2. Functional readouts are limited

   • The data on pAKT, pERK, and proliferation provide a first link between nanoscale organization and cellular behavior. However, the study would benefit from additional functional assays that go beyond cell viability (e.g., apoptosis, cell cycle, migration/invasion).

Rescue experiments, for instance with PI3K or BRAF mutants defective in NRas binding, would strengthen the causal interpretation that nanocluster disruption directly drives the observed signaling and proliferation changes.

Minor comments

1. Statistical reporting: Please report the exact n (number of cells) for all quantitative imaging experiments in the main figure legends, not only in the text.

2. Terminology: Sometimes “co-clustering” and “colocalization” are used interchangeably. It would help to define and consistently apply these terms to avoid confusion.
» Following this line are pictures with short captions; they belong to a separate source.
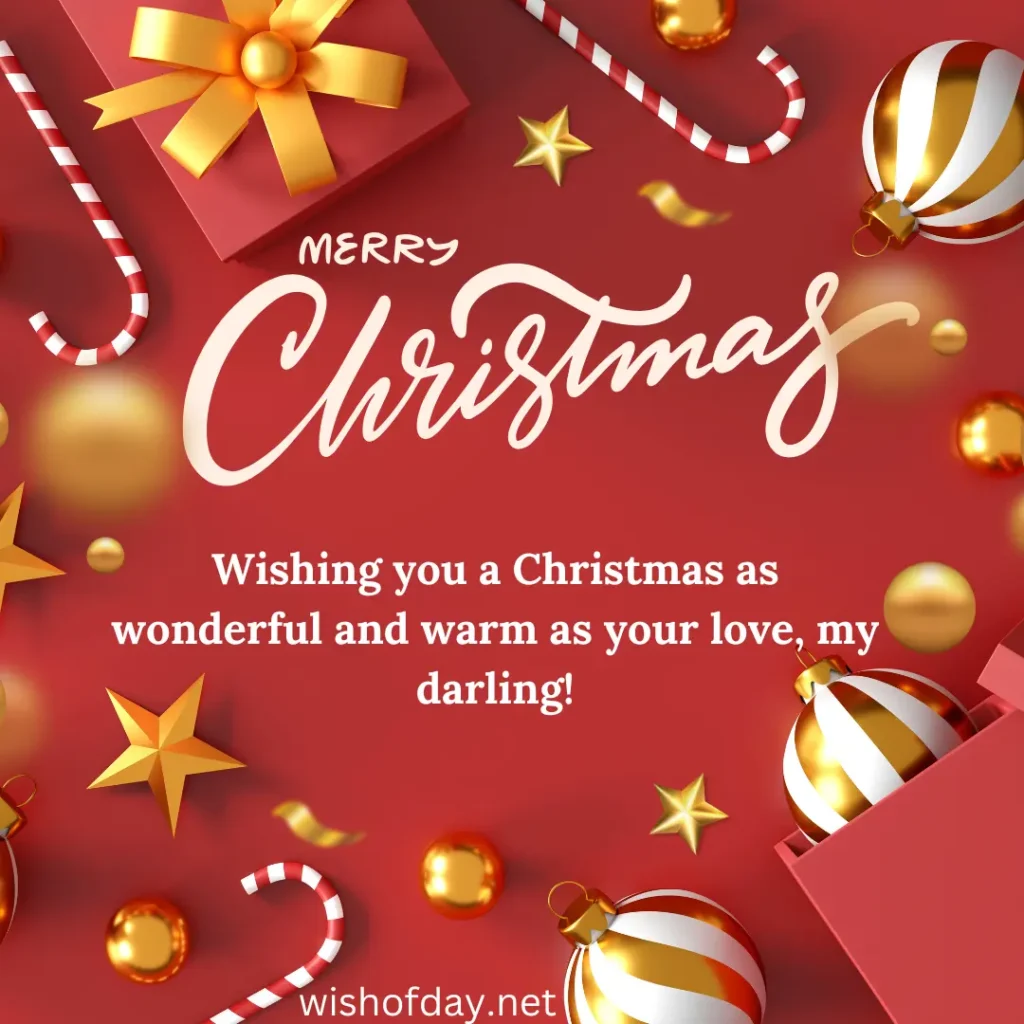 Wishes for Merry Christmas Message to Boyfriend Long Distance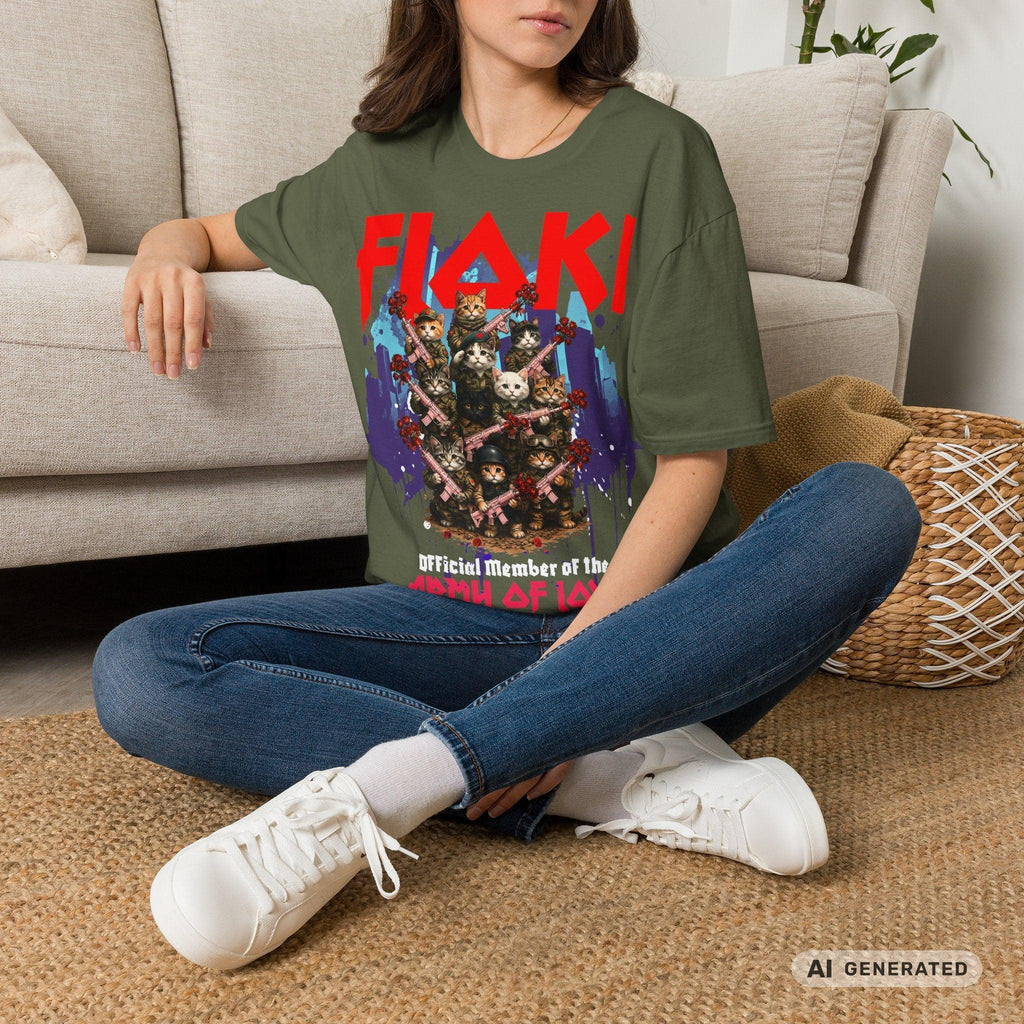 Army of Love – Personalisierbares Katzen T-Shirt | Wunschname | Geschenk für Katzenliebhaber - Sunbeamstore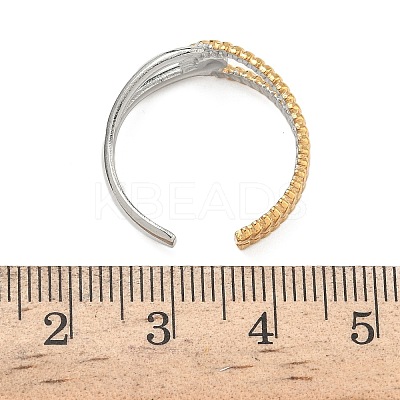 304 Stainless Steel Cuff Open Rings RJEW-Z121-02GP-09-1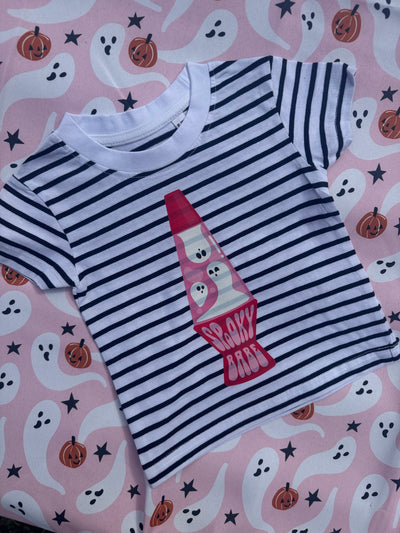 6-12 months Spooky babe stripe tee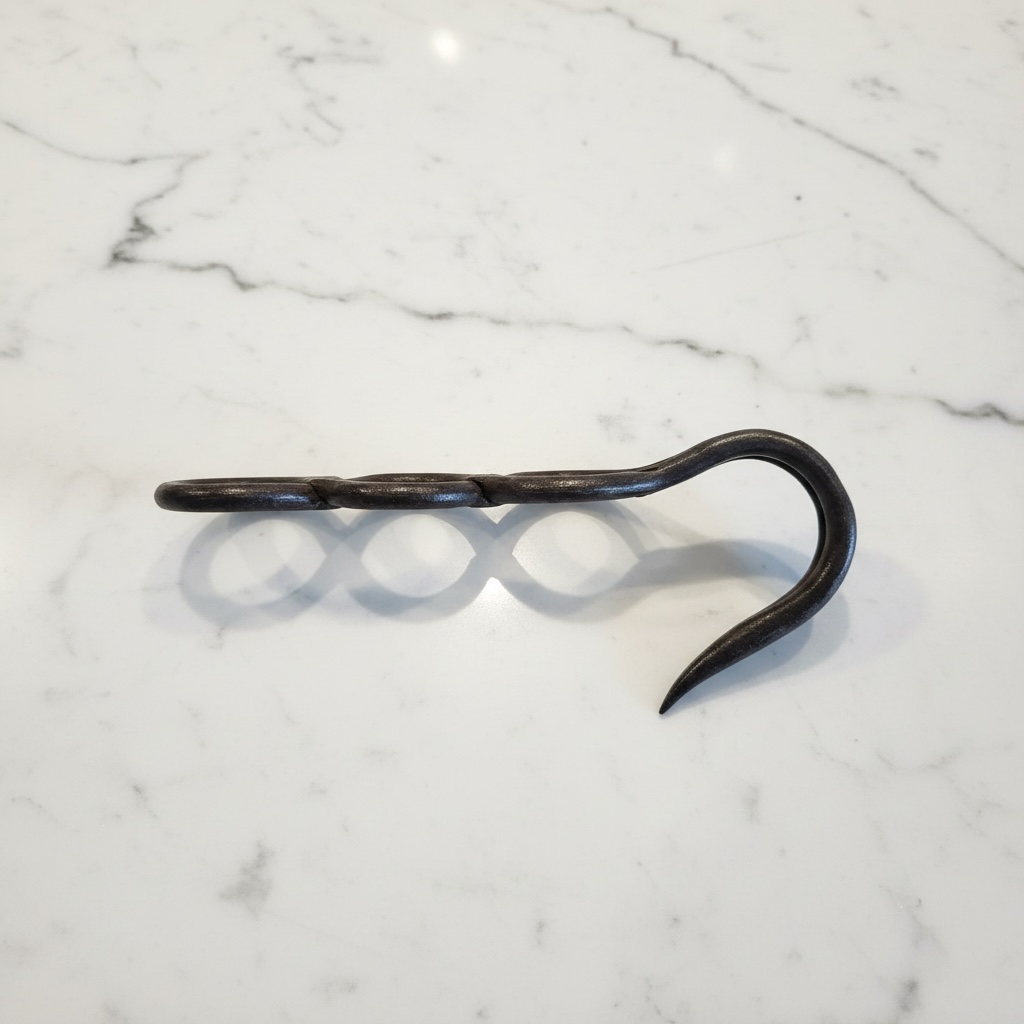 Vintage Triple Loop Butcher's Meat Hook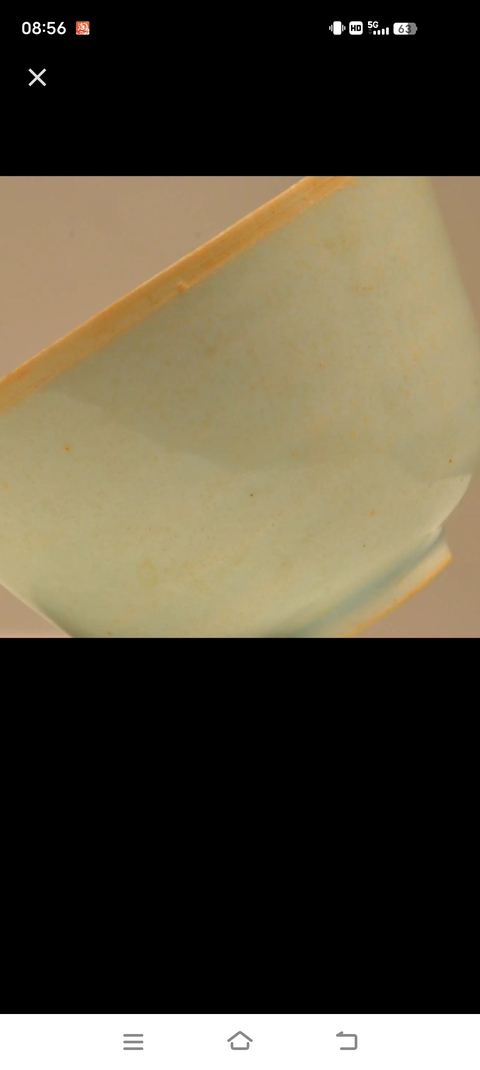 古玩陶瓷湖田影青模印花卉杯真品鑒賞圖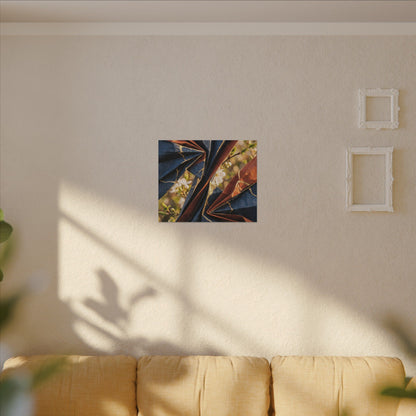 Golden Hour Paper Fold Canvas Art - Kintsugi Ma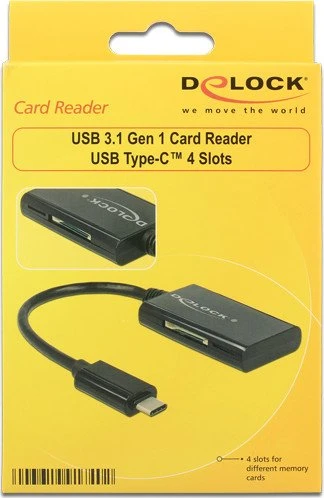 DeLOCK Multi-Slot-Cardreader, USB-C 3.0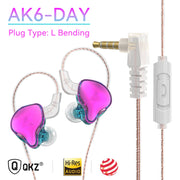 QKZ AK6 Wired Copper Driver Earbuds HiFi Bass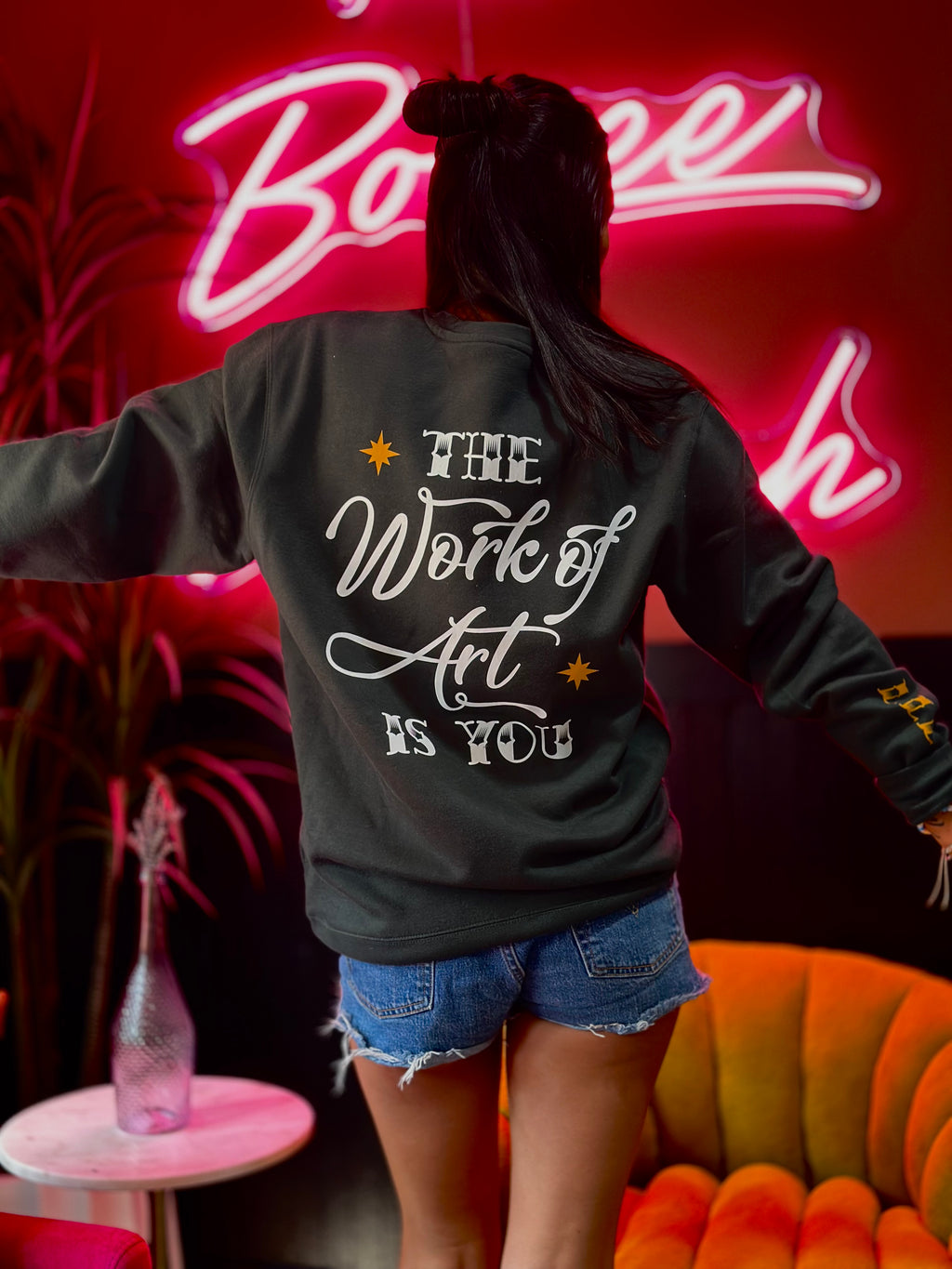 Boujee Cheetah Dark Green - Crewneck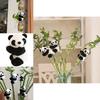 Mini Cute Panda Plush Gripper Perfect For Home Decorations And Gifting!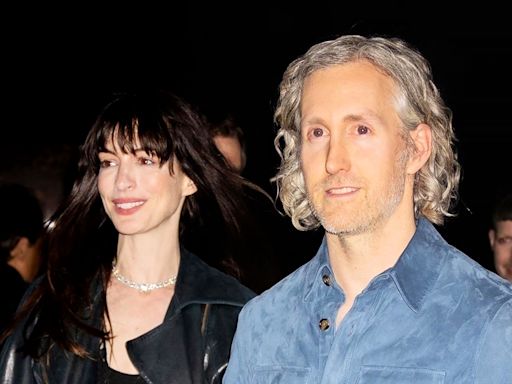 The Idea of You's Anne Hathaway and husband Adam Shulman step out for dinner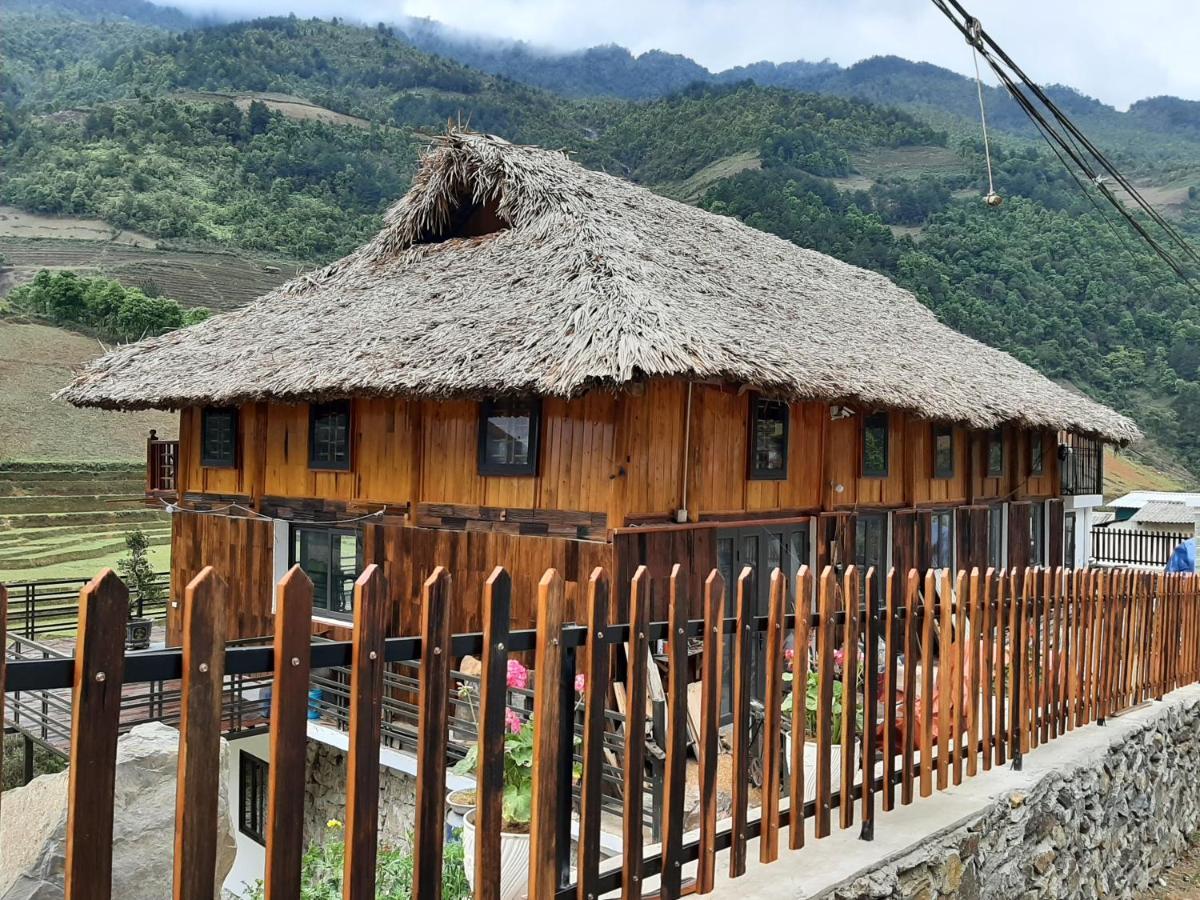 Dong Suoi H'Mong Homestay & Bungalow - Trek & Vegetarian Food Mu Cang Chai Kültér fotó
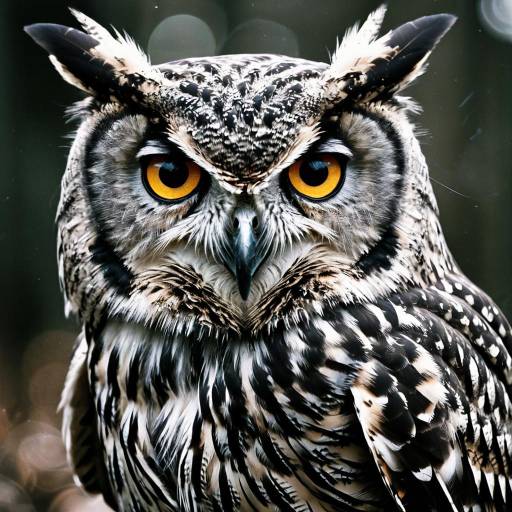 Chaotic Silver Badass Owl Art Chaotic Silver Badass Owl Art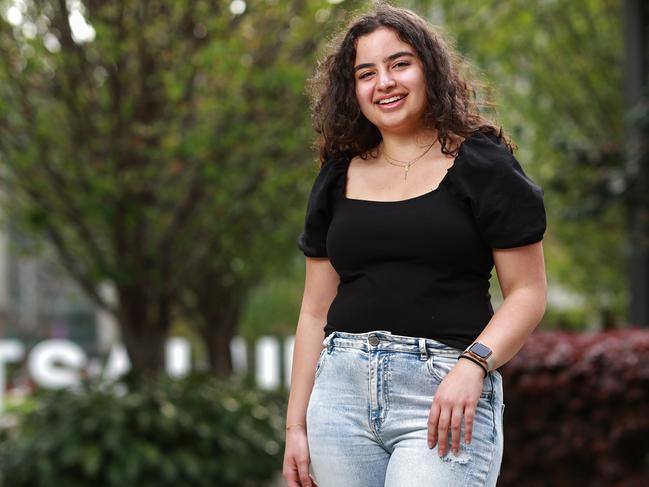 2021 HSC student Bridget Azar had exam anxiety last year. Picture: Justin Lloyd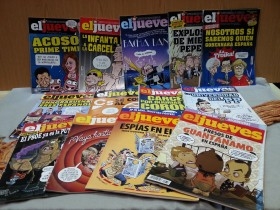 Revistas EL JUEVES. Año 2009-2015-2016-2017-2018. 12 unidades diferentes.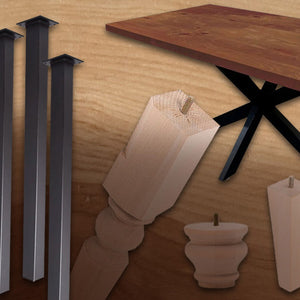 Metal & Wood Legs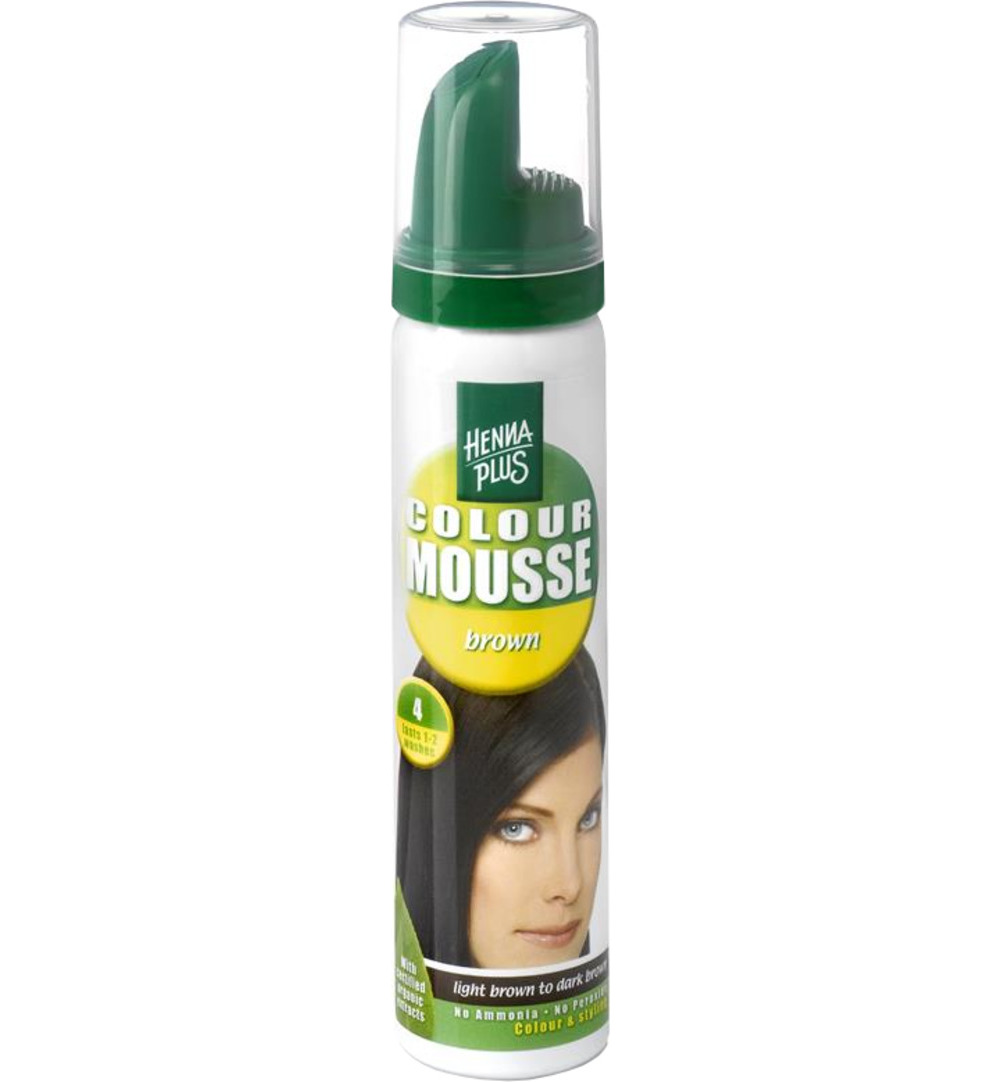 Hennaplus Colour mousse 4 brown (75 ml)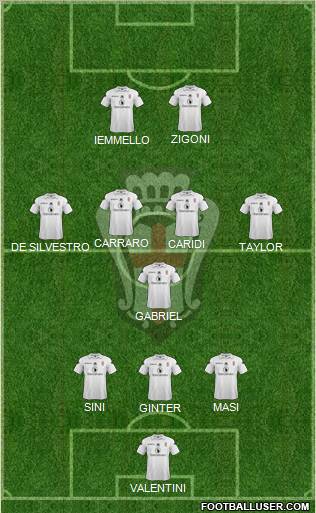Pro Vercelli Formation 2012
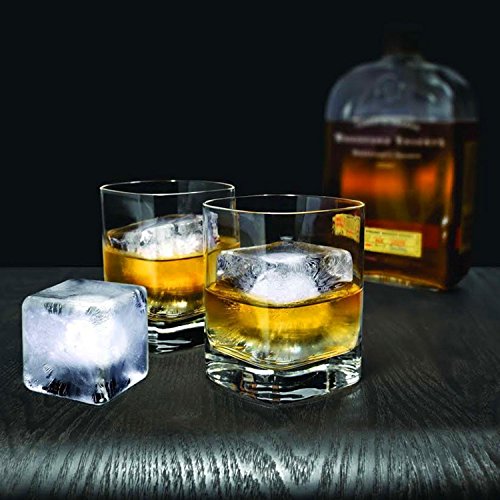 XXL Silikon Eiswürfelform mit Deckel für 6 Jumbo Eiswürfel Eiswürfelbereiter für Whisky, Cocktails und Getränk 48 x 48mm… – Bild 6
3. Figures: Some of the PALM images (e.g., Fig. 1 and Fig. 3) are challenging to interpret due to scale and density. Enlarged insets or schematics could improve readability.

Author Response

Please see the attachment

Author Response File: Author Response.pdf

Round 2

Reviewer 2 Report

Comments and Suggestions for Authors

no comments

Author Response

We wish to thank once again the reviewers for their kind consideration and helpful comments on our manuscript. 

We have now addressed the remaining minor comment and all required proofreading edits.